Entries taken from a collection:
◇ ◇ ◇
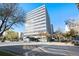Exterior view of a modern high-rise building with a glass entrance and surrounding landscaping on a sunny day at 789 N Clarkson St # 906, Denver, CO 80218
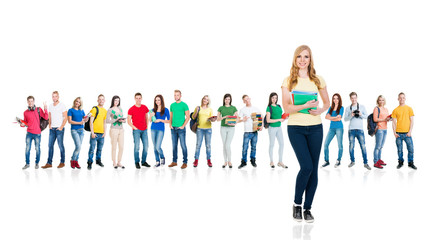 Obraz premium Large group of teenage students isolated on white background. Many different people standing together. School, education, college, university.
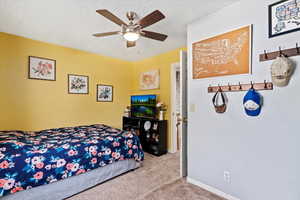 Carpeted bedroom with ceiling fan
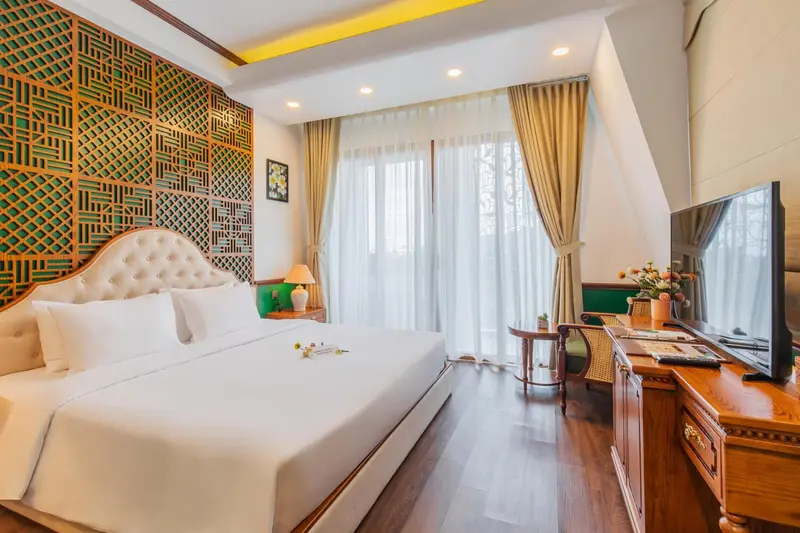 Une chambre lumineuse avec un grand lit et un coin salon.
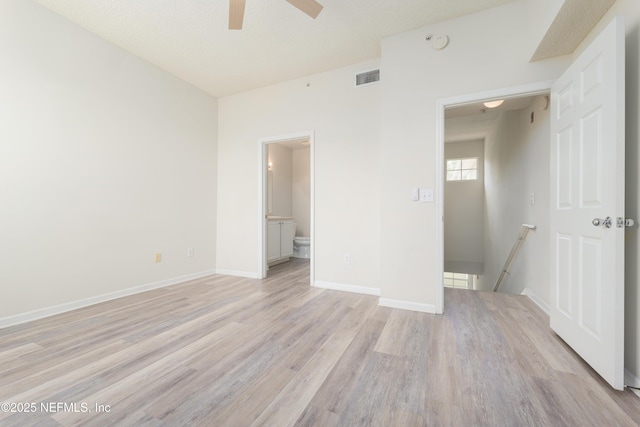 2005 Mariposa Vista Ln Unit 3-123, Saint Augustine, FL 32084 - unfurnished bedroom with ceiling fan, visible vents, light wood-type flooring, baseboards, and ensuite bath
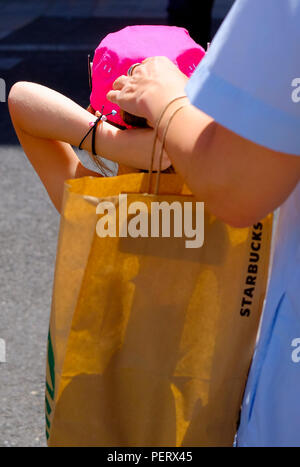 Eine Frau helfen, ihre junge Tochter auf einem rosa Kappe in der Mitte der Sonne in Madrid, Spanien. Stockfoto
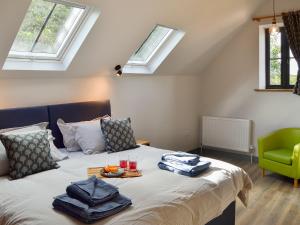 a bedroom with a bed with a tray of food on it at Jupiter Barn in Swafield
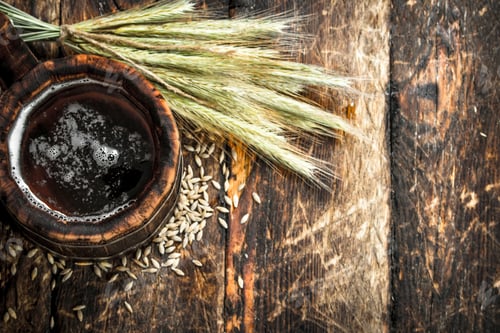 Preview: Fresh Beer In A Wooden Mug. On A Wooden Background.
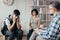 Pensive teenager sits next to his mother during a meeting with therapists for children with problems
◇ ◇ ◇
YOUR GOAL:
The records above must be output exactly, except for the pictures.

EXERCISE RESULT:
Exterior view of a modern high-rise building with a glass entrance and surrounding landscaping on a sunny day at 789 N Clarkson St # 906, Denver, CO 80218
 Obraz premium Large group of teenage students isolated on white background. Many different people standing together. School, education, college, university.
 Carpeted bedroom with ceiling fan
 Une chambre lumineuse avec un grand lit et un coin salon.
 2005 Mariposa Vista Ln Unit 3-123, Saint Augustine, FL 32084 - unfurnished bedroom with ceiling fan, visible vents, light wood-type flooring, baseboards, and ensuite bath
 Eine Frau helfen, ihre junge Tochter auf einem rosa Kappe in der Mitte der Sonne in Madrid, Spanien. Stockfoto
 a bedroom with a bed with a tray of food on it at Jupiter Barn in Swafield
 Preview: Fresh Beer In A Wooden Mug. On A Wooden Background.
 Pensive teenager sits next to his mother during a meeting with therapists for children with problems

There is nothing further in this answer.